Give back every line of the data exactly. Pictures are not part of the copy.

*** Collected material ***

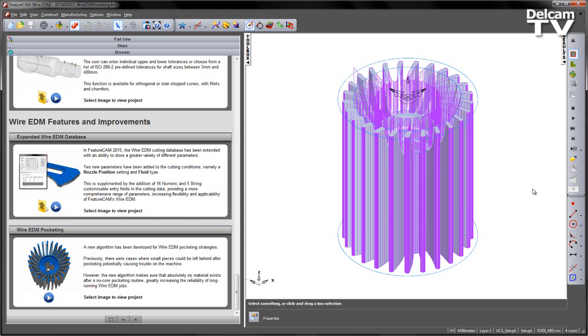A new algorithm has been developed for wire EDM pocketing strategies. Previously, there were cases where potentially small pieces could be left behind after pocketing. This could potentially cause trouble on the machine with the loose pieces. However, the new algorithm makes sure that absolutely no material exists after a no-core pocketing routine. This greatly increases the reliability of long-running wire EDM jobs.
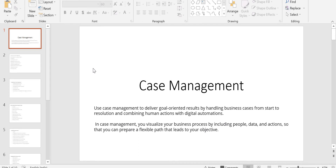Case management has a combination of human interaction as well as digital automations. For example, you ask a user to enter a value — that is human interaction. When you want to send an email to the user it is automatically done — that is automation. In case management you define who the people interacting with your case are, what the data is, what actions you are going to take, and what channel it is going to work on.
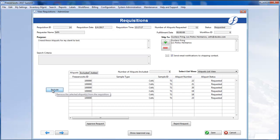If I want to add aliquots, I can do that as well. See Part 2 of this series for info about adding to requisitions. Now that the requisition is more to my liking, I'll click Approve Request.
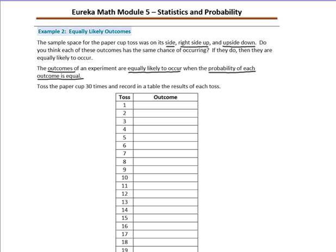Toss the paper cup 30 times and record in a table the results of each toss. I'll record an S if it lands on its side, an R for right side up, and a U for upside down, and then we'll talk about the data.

*** End of Collected material ***

Exercise result —
A new algorithm has been developed for wire EDM pocketing strategies. Previously, there were cases where potentially small pieces could be left behind after pocketing. This could potentially cause trouble on the machine with the loose pieces. However, the new algorithm makes sure that absolutely no material exists after a no-core pocketing routine. This greatly increases the reliability of long-running wire EDM jobs.
Case management has a combination of human interaction as well as digital automations. For example, you ask a user to enter a value — that is human interaction. When you want to send an email to the user it is automatically done — that is automation. In case management you define who the people interacting with your case are, what the data is, what actions you are going to take, and what channel it is going to work on.
If I want to add aliquots, I can do that as well. See Part 2 of this series for info about adding to requisitions. Now that the requisition is more to my liking, I'll click Approve Request.
Toss the paper cup 30 times and record in a table the results of each toss. I'll record an S if it lands on its side, an R for right side up, and a U for upside down, and then we'll talk about the data.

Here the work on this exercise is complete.